The Australia Telescope's Compact Array Correlator is built up of the custom-designed XCELL chips, which are 8 x 8 correlator arrays. A single board, or "product", comprises 16 XCELLs with inputs coming from corresponding IF channels of one pair of telescopes. In the widest bandwidth mode a product is configured as a single 32 x 32 correlator array, with the input sample rate equal to 32 times the correlator clock rate, a BWM factor F=32. This is 512 Ms/s (256 MHz bandwidth) or 256 Ms/s (128 MHz) with 1- or 2-bit sampling, respectively. In Fig. 7, this configuration corresponds to Lx=Ly=1, producing a +/- 31 lag coverage with triangular weighting.
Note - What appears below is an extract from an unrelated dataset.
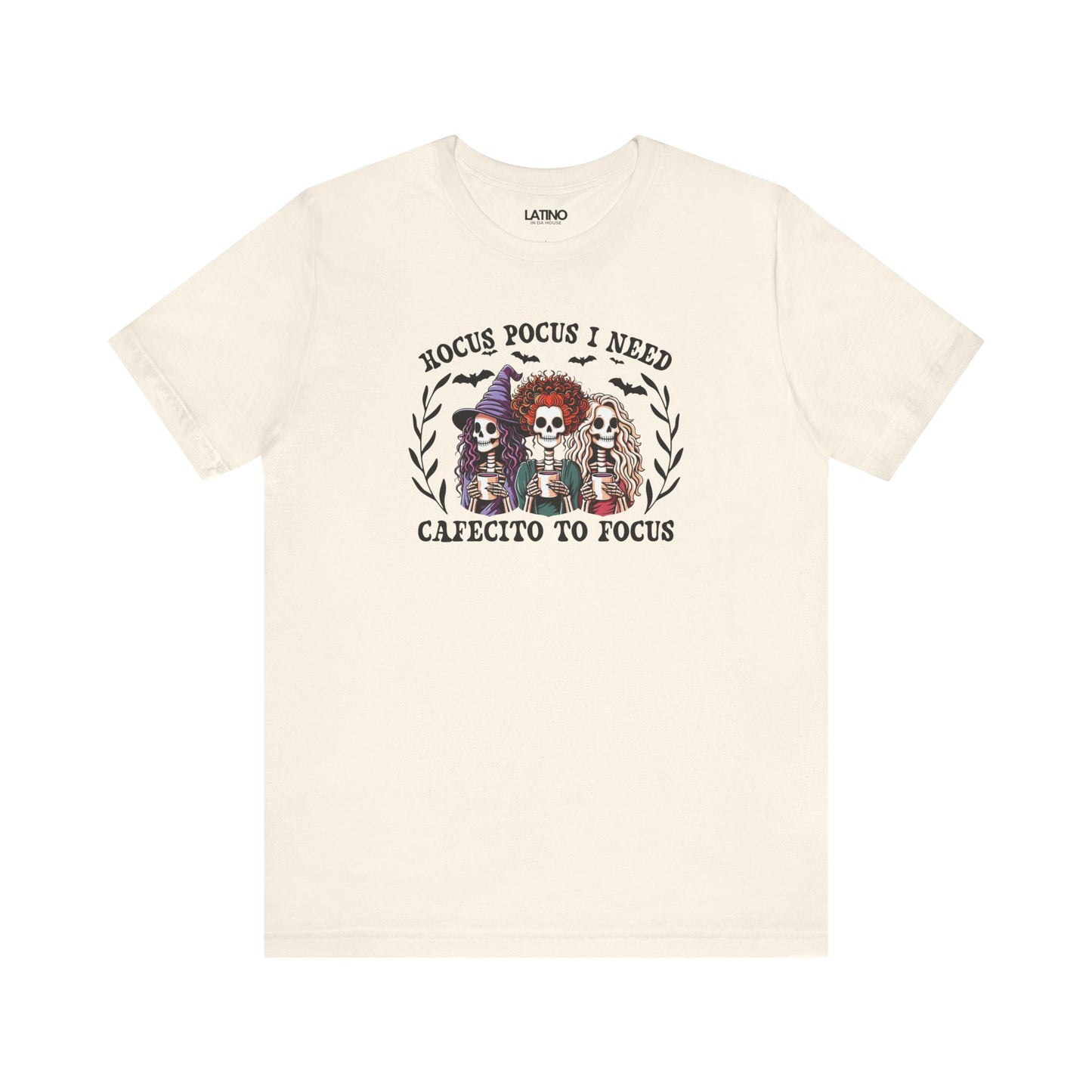 "Brujas" I Need Cafecito to Focus T-Shirt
For the AT correlator, the <u>reconfiguration</u> <u>number</u>, <u>R</u>, is defined inversely to the multiplication factor F:

$$R = \frac{32}{--- 1}$$

The full 32 x 32 array is "unreconfigured", i.e., R=0. Other sample rates are achieved, in descending factors of two, by reconfiguring the product and reducing the bandwidth multiplication.
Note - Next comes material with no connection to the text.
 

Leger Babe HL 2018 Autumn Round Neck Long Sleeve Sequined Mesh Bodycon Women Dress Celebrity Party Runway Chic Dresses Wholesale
With a F=16, or a reconfiguration R=1, the product has 4 16 x 16 arrays, corresponding, say, to Lx=2 and Ly=3 in Fig. 7. Uniform lag coverage is available over a 47 lag range with triangular "wings" extending coverage to 63 lags. The AT module provides enough optional delay switching to place the effective zero lag at an arbitrary point from the center to one end of the lag cover.

The reconfigurations may be summarised in the following table.

|   |    | •      | Lags    |         |  |
|---|----|--------|---------|---------|--|
| R | F  | Blocks | Covered | Spanned |  |
| 0 | 32 | 1      | 1       | 63      |  |
| 1 | 16 | 4      | 49      | 79      |  |
| 2 | 8  | 16     | 121     | 135     |  |
| 3 | 4  | 64     | 253     | 259     |  |
| 4 | 2  | 256    | 511     | 513     |  |
| 5 | 1  | 1024   | 1024    | 1024    |  |

R and F are the reconfiguration number and bandwidth multiplication factor, respectively. The "blocks" column is the number of subarrays made from one basic 32 x 32 module. "Covered" indicates the number of lags completely calculated, while "spanned" shows the number that are at least partially calculated.